The selected projects are at a diverse range of stages from visioning and ideation to technology prototypes and field testing.

“It’s a great start,” said Boris Zimin, chairman of the Zimin Foundation. “Our vision is to be able to support the most promising innovation projects that bring lab findings into the world, helping people globally. We wish the best of luck to the first winners of our grant call at ASU and will keep doing our best supporting them.”

Continuing support for applied research solutions

The Zimin Foundation leaders look forward to what will happen through these projects in the next few years. Foundation representatives will regularly interact with the project researchers and introduce them to their network, enabling the teams to learn and share best practices of translating research into real-world use.

When these four projects reach the prototyping phase or the researchers want to create spinoffs from their research, the Zimin Foundation will consider extending its support.

“We plan to hold three selection cycles and then an in-depth review of the progress of all the supported projects,” Shmulevich said.

Zimin Foundation support is not limited to engineering researchers — faculty members from across ASU can apply for Zimin Institute funding with projects at any stage of development.
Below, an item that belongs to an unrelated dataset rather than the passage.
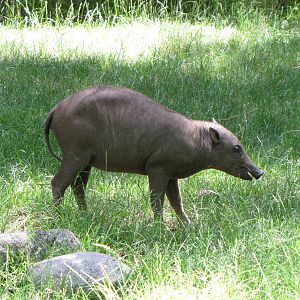 Older Babirusa Offspring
The institute will prioritize solutions headed toward implementation, deployment or commercialization within five years.

“The Zimin Institute at ASU provides a unique funding opportunity that’s intended to bridge gaps in translating research to commercialization, essentially to fund new, exciting ideas and solutions for which it might otherwise be difficult to secure additional funding, while establishing new, productive collaborations and partnerships,” Raupp said. “Any professor looking for a path to commercialization for their smart-cities research is welcome to apply for funding.”

Faculty members interested in applying for Cohort II funding can visit zimin-institute.asu.edu for more information, or contact Project Manager Lisa Irimata at lirimata@asu.edu or Zimin Institute Director Greg Raupp at raupp@asu.edu for specific questions.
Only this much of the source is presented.